Bibirku tanpa sadar menganga saat seseorang melintas. Seolah tak percaya dengan apa yang aku lihat saat ini. Aku memilih mundur dan masuk ke dalam ruangan.

Menyentuh dadaku yang berdebar kian kencang. Pria itu ....

"Pak Boy ... tak mungkin! dia yang akan menikah hari ini?"

Tanpa sadar air mata merembes di ujung pipiku. Sungguh kebetulan yang menyakitkan.

Dia ... lelaki yang selama ini memenuhi seluruh ruangan hatiku, hingga aku tak bisa melanjutkan hubungan serius dengan siapapun.

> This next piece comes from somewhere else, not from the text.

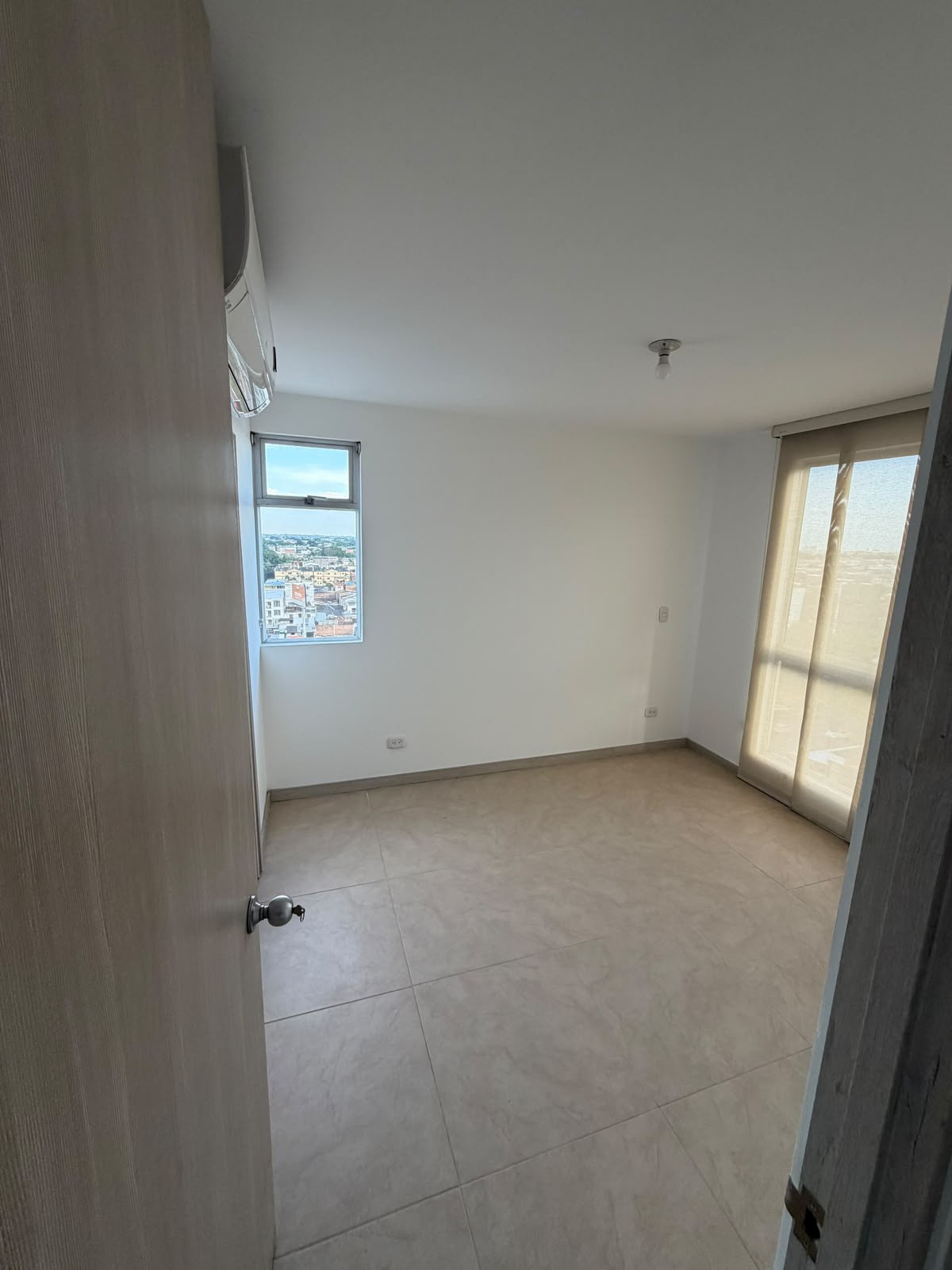 Apartamento en arriendo en Los Cambulos, Cali · foto 5 de 6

Saat beberapa pria mencoba mendekati dan berusaha serius, aku memilih mundur. Karena hatiku tak bisa mencintai orang lain selain Pak Guru.

Aku takut mereka akan kecewa, dan akupun tak ingin menikah tanpa cinta. Itulah sebabnya setiap selesai menjalankan kewajiban, aku selalu berdoa untuk bisa bertemu dan menginginkan ia menjadi jodohku.

Namun, bertahun aku mencarinya, ia tak kunjung kutemukan. Saat bertanya di sekolah, mereka bilang Pak Boy sudah pindah keluar kota.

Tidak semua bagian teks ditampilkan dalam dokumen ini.